> _Directions_: These records contain pictures, which must be left out; copy exactly the lines from the one with "Cufflinks, Rounded Cabochon Sodalite Blue" up to and including the one with "Team struggling with".

Image-text web data
^^^^^^^^

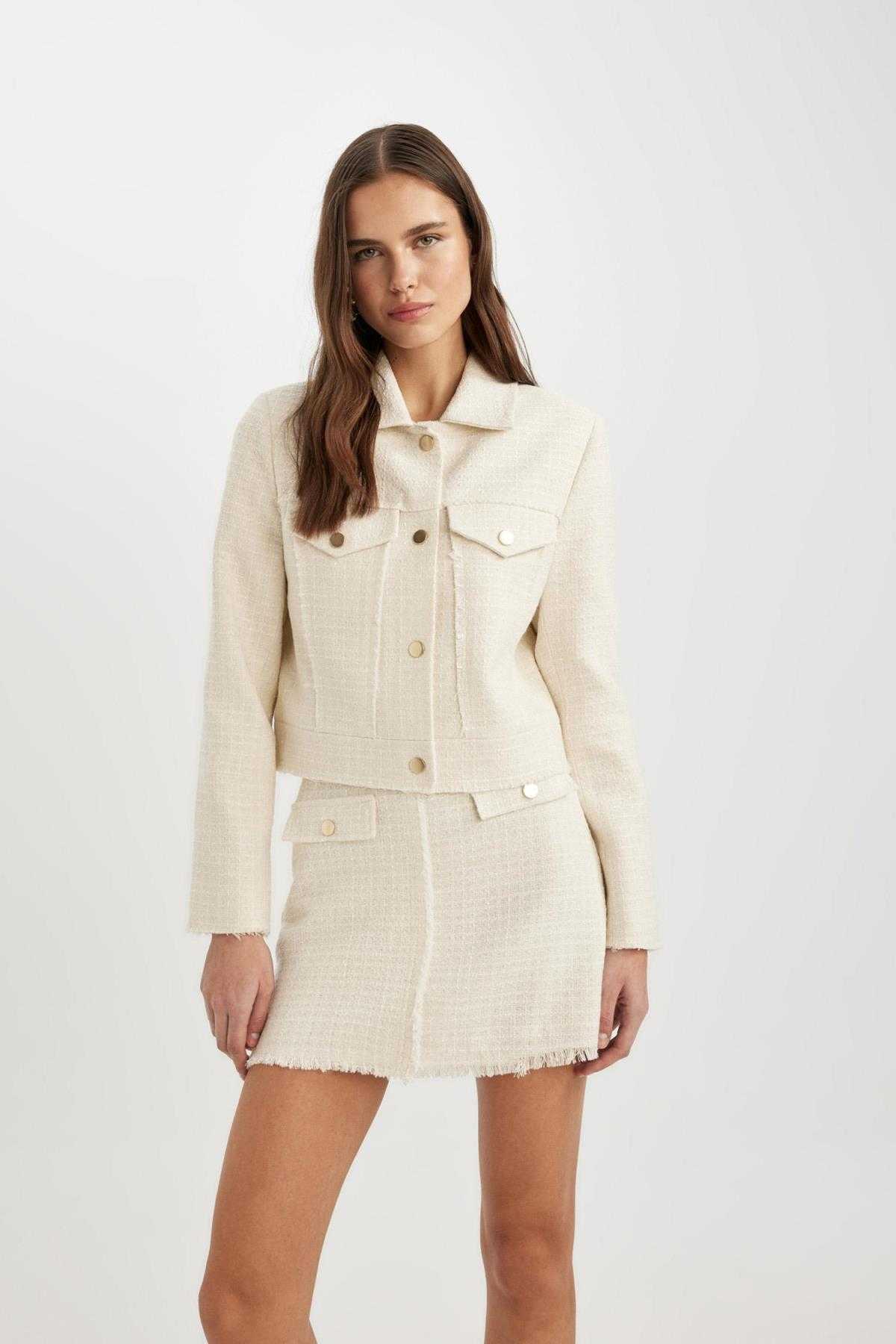 ژاکت تیشرت یقه کراپ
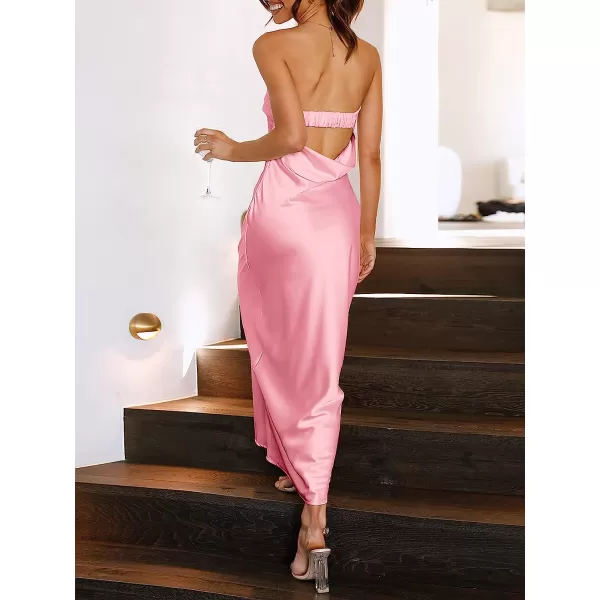 imageANRABESS Women Summer Satin Strapless Formal Dress Sexy Backless Bodycon Wedding Cocktail Party Maxi DressPink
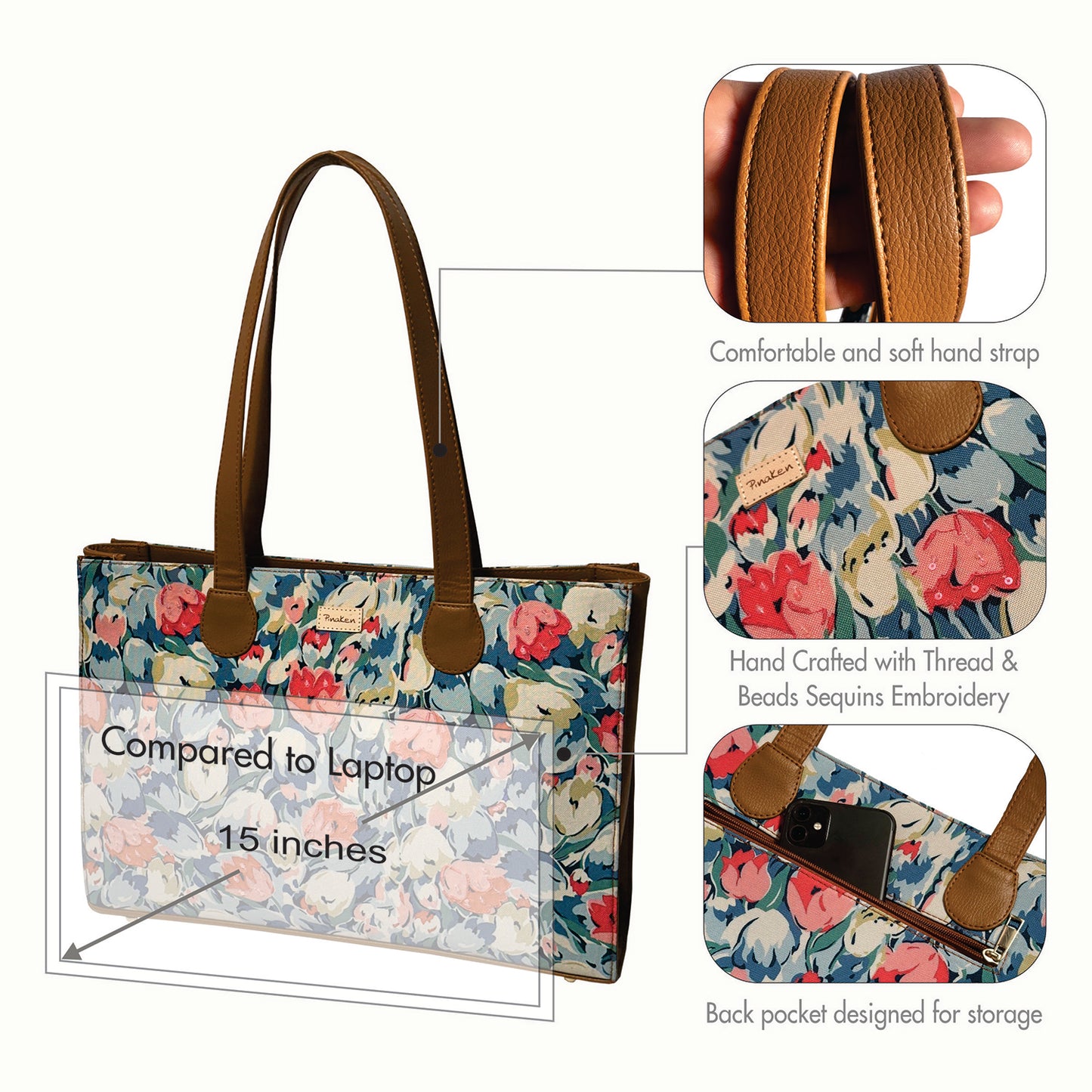 Tulip Harmony Office Tote Bag With Embroidery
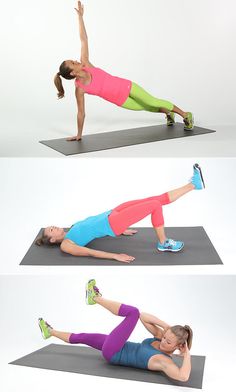 a woman is doing an exercise on a mat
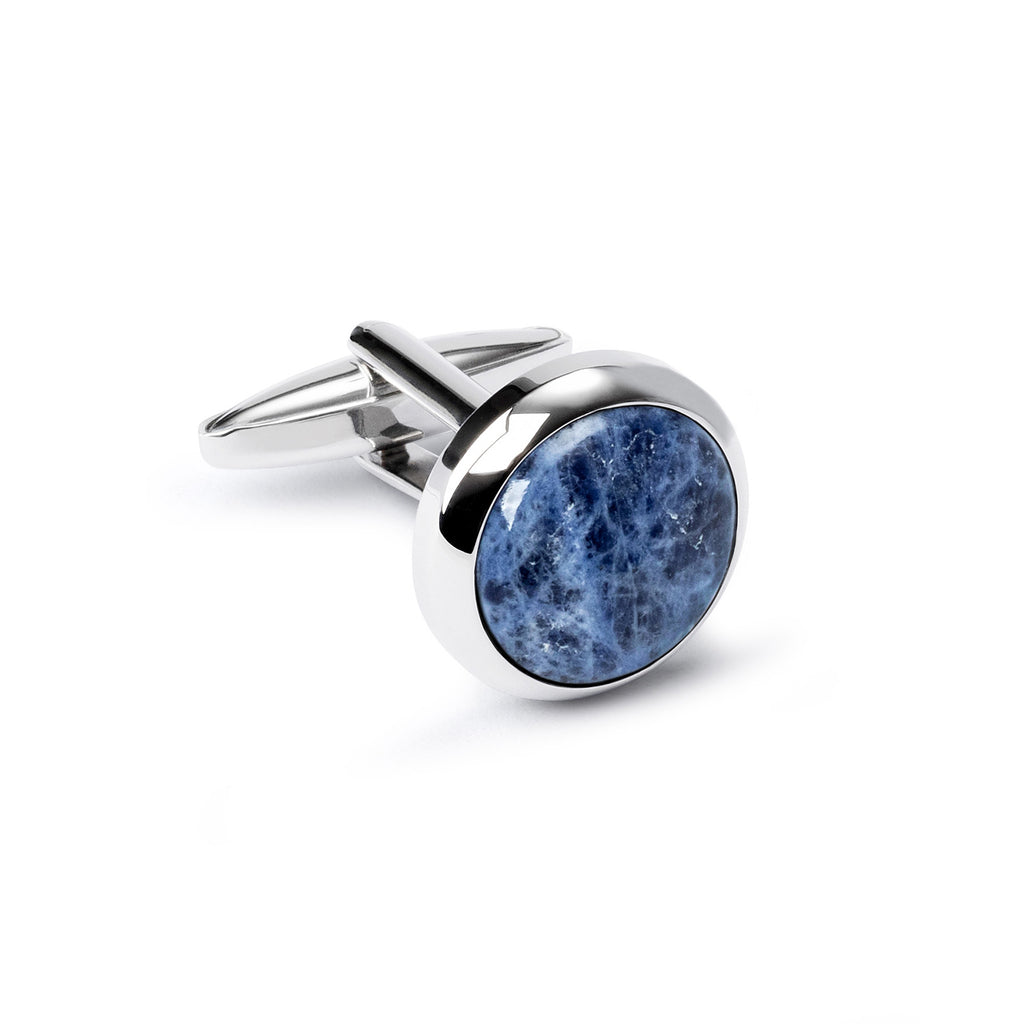Cufflinks, Rounded Cabochon Sodalite Blue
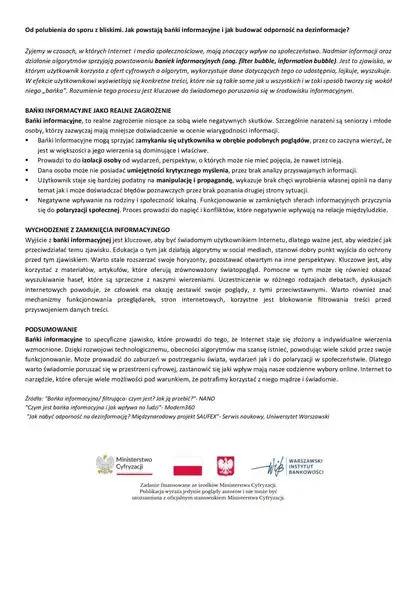 Grafika do informacji: Gmina Łubnice promuje materiały o rozpoznawaniu dezinformacji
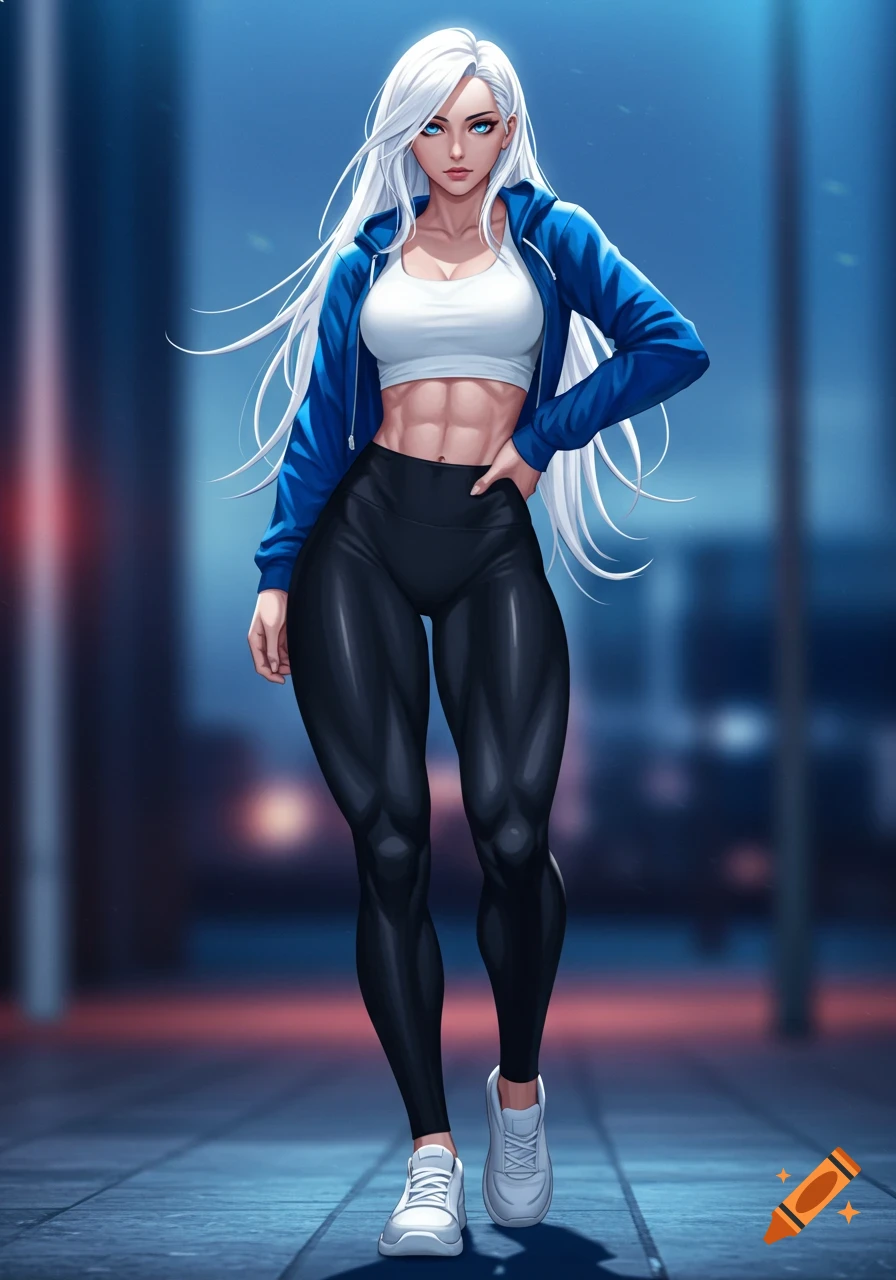 An anime woman with long white hair and blue eyes, showing athletic muscles in a white sports bra, blue hoodie, black leggings, and white sneakers, stands in an urban night setting.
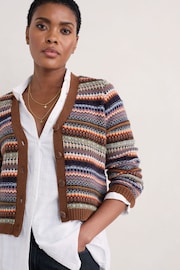 Seasalt Cornwall Purple Lamorna Lane Fair Isle Cardigan - Image 4 of 8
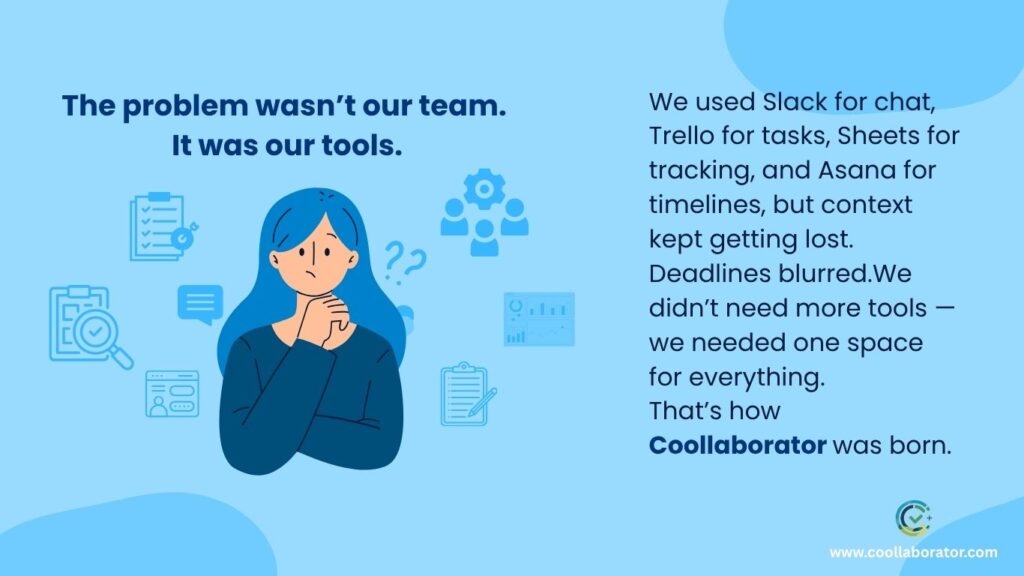 Team struggling with multiple tools before switching to a unified collaboration platform.
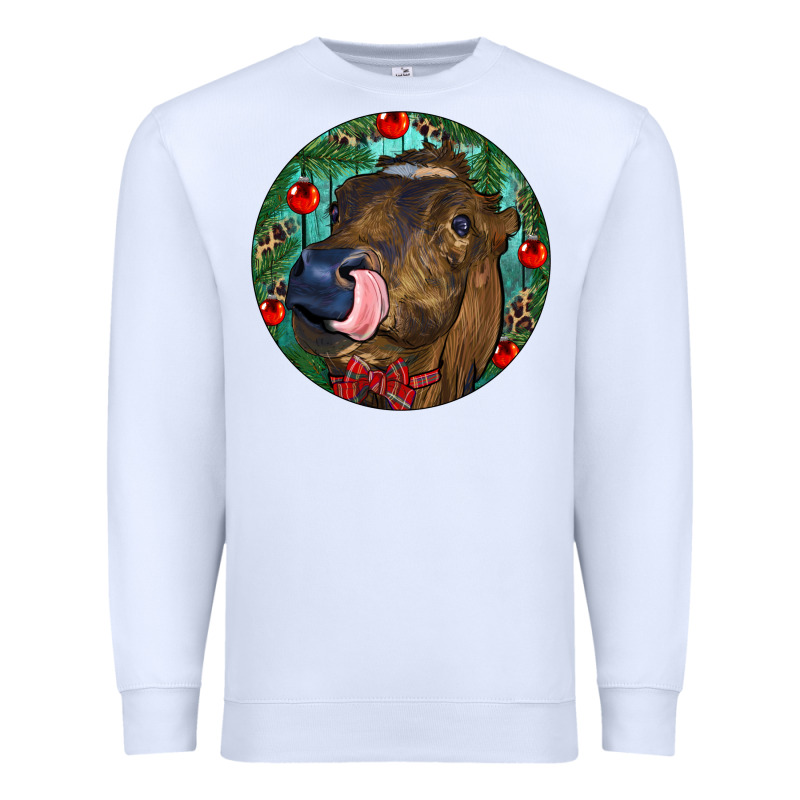 Longhorn Cow Christmas Premium Sweatshirt by RanaPortraitStore | Teevron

^^^^^^^^

> _Finished exercise_:
Cufflinks, Rounded Cabochon Sodalite Blue
 Grafika do informacji: Gmina Łubnice promuje materiały o rozpoznawaniu dezinformacji
 An anime woman with long white hair and blue eyes, showing athletic muscles in a white sports bra, blue hoodie, black leggings, and white sneakers, stands in an urban night setting.
 Seasalt Cornwall Purple Lamorna Lane Fair Isle Cardigan - Image 4 of 8
 Team struggling with multiple tools before switching to a unified collaboration platform.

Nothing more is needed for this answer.